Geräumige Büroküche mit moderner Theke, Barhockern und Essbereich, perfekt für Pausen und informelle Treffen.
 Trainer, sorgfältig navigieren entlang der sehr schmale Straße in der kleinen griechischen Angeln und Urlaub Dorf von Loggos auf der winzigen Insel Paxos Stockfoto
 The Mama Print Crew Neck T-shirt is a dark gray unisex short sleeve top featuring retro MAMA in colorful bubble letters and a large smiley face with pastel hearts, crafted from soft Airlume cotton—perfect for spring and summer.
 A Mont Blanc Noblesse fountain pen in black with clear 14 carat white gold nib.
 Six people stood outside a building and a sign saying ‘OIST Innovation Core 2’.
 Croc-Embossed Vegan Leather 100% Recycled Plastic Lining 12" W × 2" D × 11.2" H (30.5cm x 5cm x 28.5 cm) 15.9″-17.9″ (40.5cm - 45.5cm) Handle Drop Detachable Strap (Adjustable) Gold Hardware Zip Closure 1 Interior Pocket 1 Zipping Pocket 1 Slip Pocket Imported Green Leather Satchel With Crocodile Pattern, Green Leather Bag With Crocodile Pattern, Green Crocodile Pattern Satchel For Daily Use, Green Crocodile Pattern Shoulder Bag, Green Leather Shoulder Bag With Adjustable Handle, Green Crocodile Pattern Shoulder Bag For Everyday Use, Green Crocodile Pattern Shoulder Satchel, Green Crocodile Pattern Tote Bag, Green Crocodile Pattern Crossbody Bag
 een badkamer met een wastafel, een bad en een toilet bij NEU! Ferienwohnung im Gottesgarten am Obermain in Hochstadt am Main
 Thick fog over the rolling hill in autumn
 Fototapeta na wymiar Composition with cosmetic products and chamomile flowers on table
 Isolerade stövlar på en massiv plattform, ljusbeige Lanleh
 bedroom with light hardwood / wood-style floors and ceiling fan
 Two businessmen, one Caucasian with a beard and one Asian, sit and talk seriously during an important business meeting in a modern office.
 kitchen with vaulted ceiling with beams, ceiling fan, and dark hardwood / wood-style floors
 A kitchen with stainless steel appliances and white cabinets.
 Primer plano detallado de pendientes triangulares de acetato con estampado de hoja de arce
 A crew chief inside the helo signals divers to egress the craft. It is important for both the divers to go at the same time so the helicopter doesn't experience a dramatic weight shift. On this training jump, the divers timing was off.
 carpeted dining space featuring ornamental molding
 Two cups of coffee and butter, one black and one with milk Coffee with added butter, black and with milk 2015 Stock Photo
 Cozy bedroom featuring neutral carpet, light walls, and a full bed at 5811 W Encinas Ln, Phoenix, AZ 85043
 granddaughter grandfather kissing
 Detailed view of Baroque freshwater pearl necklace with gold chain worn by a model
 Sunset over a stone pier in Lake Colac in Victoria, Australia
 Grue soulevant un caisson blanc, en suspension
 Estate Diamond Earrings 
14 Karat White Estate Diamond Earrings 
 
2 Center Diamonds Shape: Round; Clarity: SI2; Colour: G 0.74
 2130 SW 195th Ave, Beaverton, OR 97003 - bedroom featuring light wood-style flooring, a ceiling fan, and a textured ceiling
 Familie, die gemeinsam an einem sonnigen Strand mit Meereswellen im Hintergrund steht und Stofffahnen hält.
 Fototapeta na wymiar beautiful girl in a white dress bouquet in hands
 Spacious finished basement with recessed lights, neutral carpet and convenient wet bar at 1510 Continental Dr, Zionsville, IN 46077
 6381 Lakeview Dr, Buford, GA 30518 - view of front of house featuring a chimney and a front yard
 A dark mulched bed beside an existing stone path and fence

# PROBLEM STATEMENT
When you respond, give the whole listing again exactly as written.

# SOLVED EXERCISE
Geräumige Büroküche mit moderner Theke, Barhockern und Essbereich, perfekt für Pausen und informelle Treffen.
 Trainer, sorgfältig navigieren entlang der sehr schmale Straße in der kleinen griechischen Angeln und Urlaub Dorf von Loggos auf der winzigen Insel Paxos Stockfoto
 The Mama Print Crew Neck T-shirt is a dark gray unisex short sleeve top featuring retro MAMA in colorful bubble letters and a large smiley face with pastel hearts, crafted from soft Airlume cotton—perfect for spring and summer.
 A Mont Blanc Noblesse fountain pen in black with clear 14 carat white gold nib.
 Six people stood outside a building and a sign saying ‘OIST Innovation Core 2’.
 Croc-Embossed Vegan Leather 100% Recycled Plastic Lining 12" W × 2" D × 11.2" H (30.5cm x 5cm x 28.5 cm) 15.9″-17.9″ (40.5cm - 45.5cm) Handle Drop Detachable Strap (Adjustable) Gold Hardware Zip Closure 1 Interior Pocket 1 Zipping Pocket 1 Slip Pocket Imported Green Leather Satchel With Crocodile Pattern, Green Leather Bag With Crocodile Pattern, Green Crocodile Pattern Satchel For Daily Use, Green Crocodile Pattern Shoulder Bag, Green Leather Shoulder Bag With Adjustable Handle, Green Crocodile Pattern Shoulder Bag For Everyday Use, Green Crocodile Pattern Shoulder Satchel, Green Crocodile Pattern Tote Bag, Green Crocodile Pattern Crossbody Bag
 een badkamer met een wastafel, een bad en een toilet bij NEU! Ferienwohnung im Gottesgarten am Obermain in Hochstadt am Main
 Thick fog over the rolling hill in autumn
 Fototapeta na wymiar Composition with cosmetic products and chamomile flowers on table
 Isolerade stövlar på en massiv plattform, ljusbeige Lanleh
 bedroom with light hardwood / wood-style floors and ceiling fan
 Two businessmen, one Caucasian with a beard and one Asian, sit and talk seriously during an important business meeting in a modern office.
 kitchen with vaulted ceiling with beams, ceiling fan, and dark hardwood / wood-style floors
 A kitchen with stainless steel appliances and white cabinets.
 Primer plano detallado de pendientes triangulares de acetato con estampado de hoja de arce
 A crew chief inside the helo signals divers to egress the craft. It is important for both the divers to go at the same time so the helicopter doesn't experience a dramatic weight shift. On this training jump, the divers timing was off.
 carpeted dining space featuring ornamental molding
 Two cups of coffee and butter, one black and one with milk Coffee with added butter, black and with milk 2015 Stock Photo
 Cozy bedroom featuring neutral carpet, light walls, and a full bed at 5811 W Encinas Ln, Phoenix, AZ 85043
 granddaughter grandfather kissing
 Detailed view of Baroque freshwater pearl necklace with gold chain worn by a model
 Sunset over a stone pier in Lake Colac in Victoria, Australia
 Grue soulevant un caisson blanc, en suspension
 Estate Diamond Earrings 
14 Karat White Estate Diamond Earrings 
 
2 Center Diamonds Shape: Round; Clarity: SI2; Colour: G 0.74
 2130 SW 195th Ave, Beaverton, OR 97003 - bedroom featuring light wood-style flooring, a ceiling fan, and a textured ceiling
 Familie, die gemeinsam an einem sonnigen Strand mit Meereswellen im Hintergrund steht und Stofffahnen hält.
 Fototapeta na wymiar beautiful girl in a white dress bouquet in hands
 Spacious finished basement with recessed lights, neutral carpet and convenient wet bar at 1510 Continental Dr, Zionsville, IN 46077
 6381 Lakeview Dr, Buford, GA 30518 - view of front of house featuring a chimney and a front yard
 A dark mulched bed beside an existing stone path and fence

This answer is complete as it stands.